Chapter 1 - Definition: Translational and Personalised Medicine, Biomarkers, Pharmacodynamics

Our understanding of the complex underlying mechanisms of cancer development and progression has improved with the application of novel laboratory-based techniques including DNA sequencing, Gene expression profiling, analysis of DNA methylation, and proteomics. Following the publication of the first full-length human genome sequence in 2001, there have been many large-scale sequencing initiatives such as the Cancer Genome Atlas (TCGA) and the International Cancer Genome Consortium (ICGC), projects that have characterised genomic alterations in solid tumours. These investigations have uncovered key mutations and molecular pathways involved in oncogenesis and cell proliferation that have an important impact on the diagnosis, prognosis, and treatment of patients and have enabled the tailoring of anti-cancer therapy in clinical practice. These discoveries also have important implications for individuals at high risk for developing certain solid tumours by identifying patients who may benefit from more intensive screening. For example, women with pathogenic germline mutations in the BRCA1 or BRCA2 tumour suppressor genes, involved in DNA repair of double-stranded breaks, are predisposed to developing breast, ovarian, and other cancers and are candidates for more specialised cancer screening programmes.

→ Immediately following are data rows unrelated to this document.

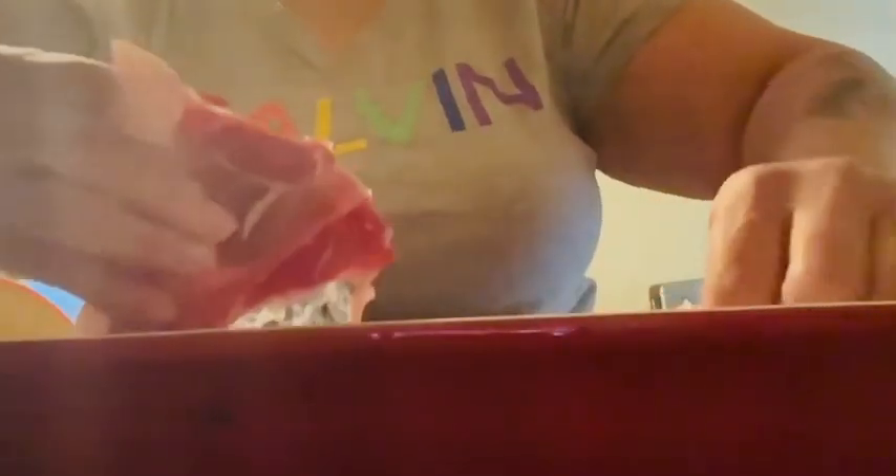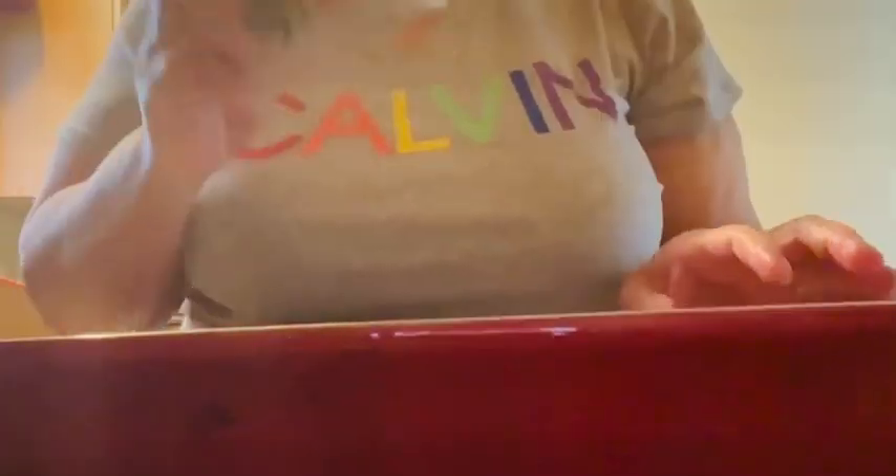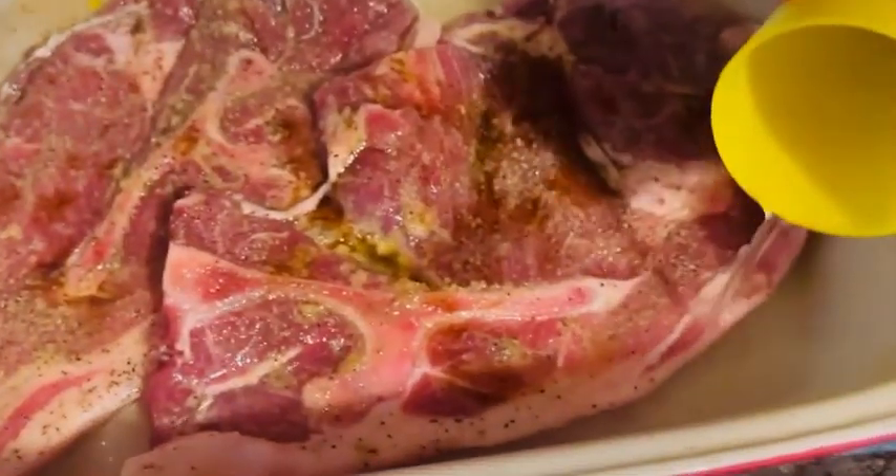Start putting those steaks in that pan. Then add your pepper, your adobo seasoning, your salt, your garlic, your olive oil. Rub it in, your Worcestershire sauce, your water.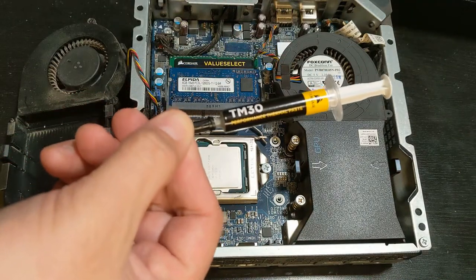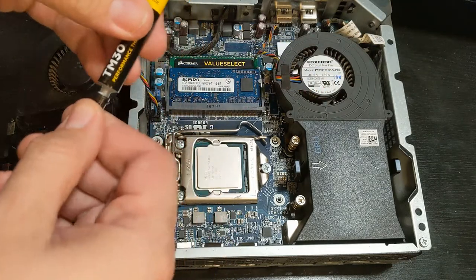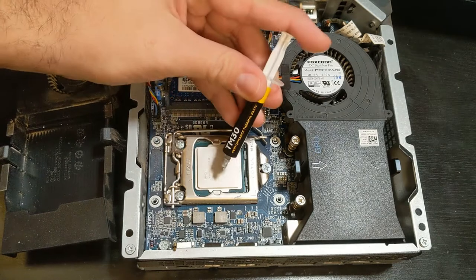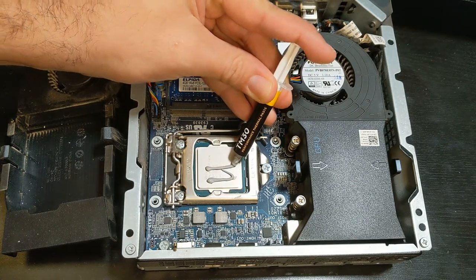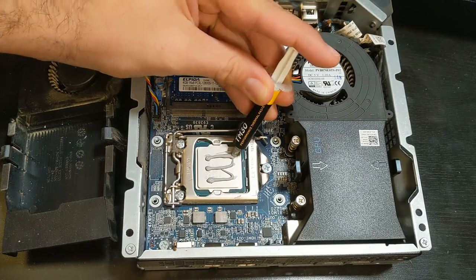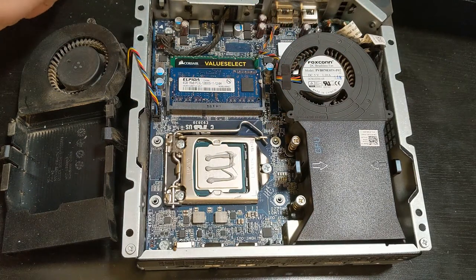Now we need to add some thermal paste — we're using some Coarse Hair thermal paste, but really any thermal paste is pretty much good. I just like doing three lines, but some people do a circle or one big line in the middle. It's just personal preference — it really doesn't matter as long as you have some thermal paste on there.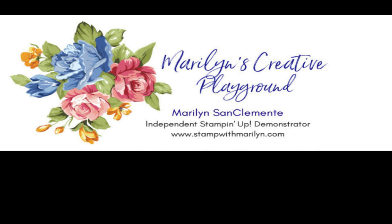Hi, I'm Marilyn San Clemente of Stamp with Marilyn, and welcome to my Creative Playgrounds. Tonight I'm going to show you how to use up all those pesky scraps that we all have laying around, and I've got a few ideas for you. Let's get started.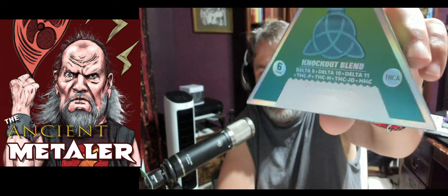This is an Indica and it is Skywalker OG, which is — they put terpenes in to try to emulate the taste and smell of certain weed blends. It's not grown as Skywalker OG; they take terpenes and put them in here to give that flavor.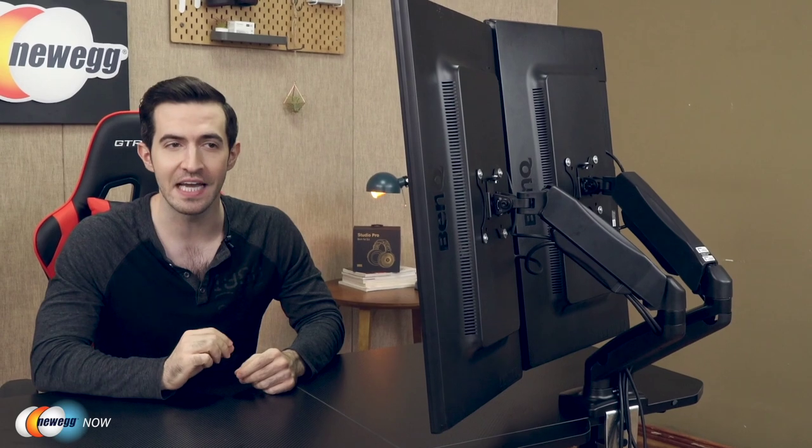The Huanuo dual arm monitor stand is a pretty universal mount. It's going to fit two 13 to 27-inch monitors with VESA mounting patterns of 75 by 75mm or 100 by 100mm. It'll securely hold two monitors each weighing between 4.4 to 14.3 pounds. Check your specs — the monitor stand will not work on glass or particle board tables. The monitor stand can be fixed via C-clamp, fitting desks with a thickness up to 3.26 inches, and it can also be mounted through a grommet mounting hole in the desk, fitting desks with thickness up to 3.4 inches.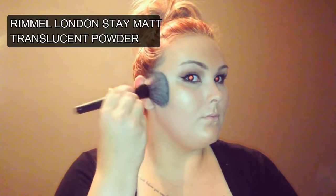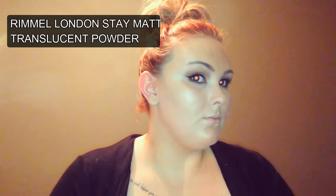Using translucent powder from Rimmel London — the Stay Matte — I'm applying that onto all the bits that look a bit oily where I don't want to be too shiny. So I'm mainly doing this on the areas I don't want highlighted and on the T-zone of my face. I'm going to be very careful not to get too much on the highlight, so I'll just dab it into the corners of my nose and drag it down so I don't take away the highlight.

In addition to advances in molecular biology techniques, there have also been developments in diagnostic imaging and histopathology that have enabled more accurate diagnosis and characterisation of solid tumours and have provided for better monitoring of tumour response to treatment. For example, the development of fluorescence in situ hybridisation (FISH) techniques for use in the clinical laboratory has facilitated the routine testing of breast tumours for ERBB2 (HER2/neu) Gene amplification in cases where Immunohistochemistry staining is equivocal.

The identification of common genetic alterations in solid tumours, along with the development of high-throughput and cost-effective molecular diagnostics, is paving the way to enable the individualisation of cancer treatment.